◆ **Goal of the exercise**
Pictures must not appear in the copy. Set down exactly the line with "Bison oder Büffel" and each line after it through the end of the data below.

Crawled caption data

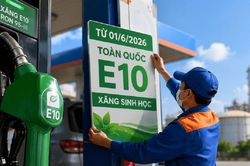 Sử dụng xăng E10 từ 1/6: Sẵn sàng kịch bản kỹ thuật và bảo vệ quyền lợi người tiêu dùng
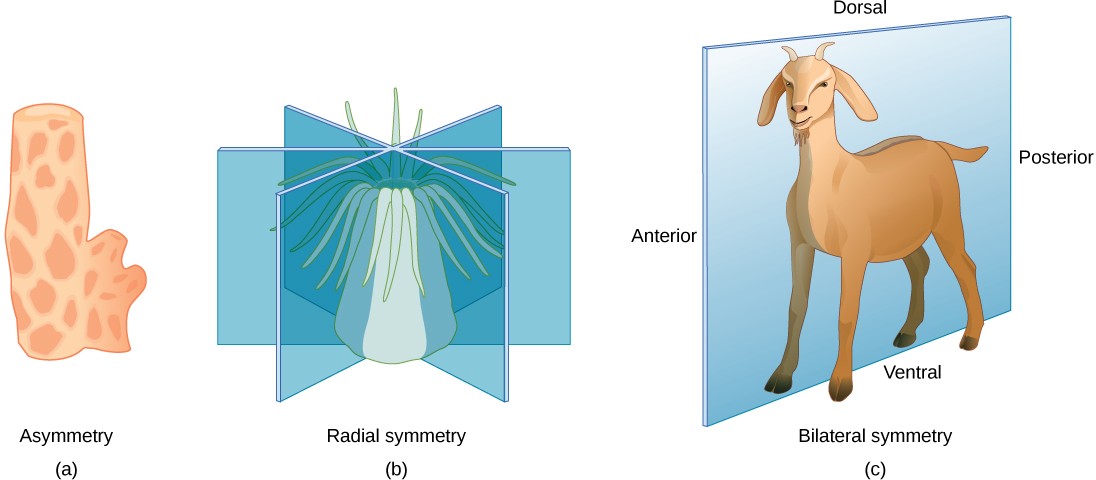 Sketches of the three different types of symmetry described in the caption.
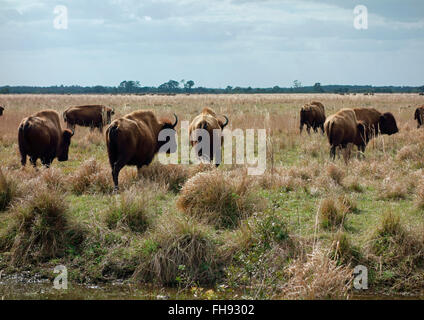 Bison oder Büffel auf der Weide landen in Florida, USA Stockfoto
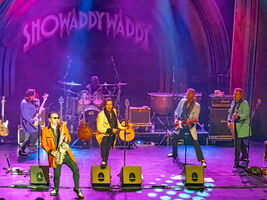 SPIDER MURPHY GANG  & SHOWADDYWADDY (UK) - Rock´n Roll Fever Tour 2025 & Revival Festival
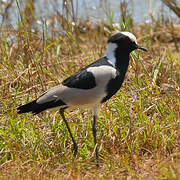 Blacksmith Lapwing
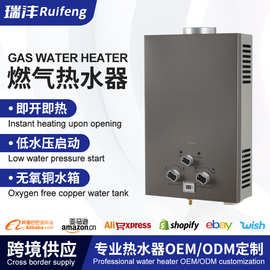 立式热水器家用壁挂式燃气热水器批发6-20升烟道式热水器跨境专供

◆ **Result for this task**
 Bison oder Büffel auf der Weide landen in Florida, USA Stockfoto
 SPIDER MURPHY GANG  & SHOWADDYWADDY (UK) - Rock´n Roll Fever Tour 2025 & Revival Festival
 Blacksmith Lapwing
 立式热水器家用壁挂式燃气热水器批发6-20升烟道式热水器跨境专供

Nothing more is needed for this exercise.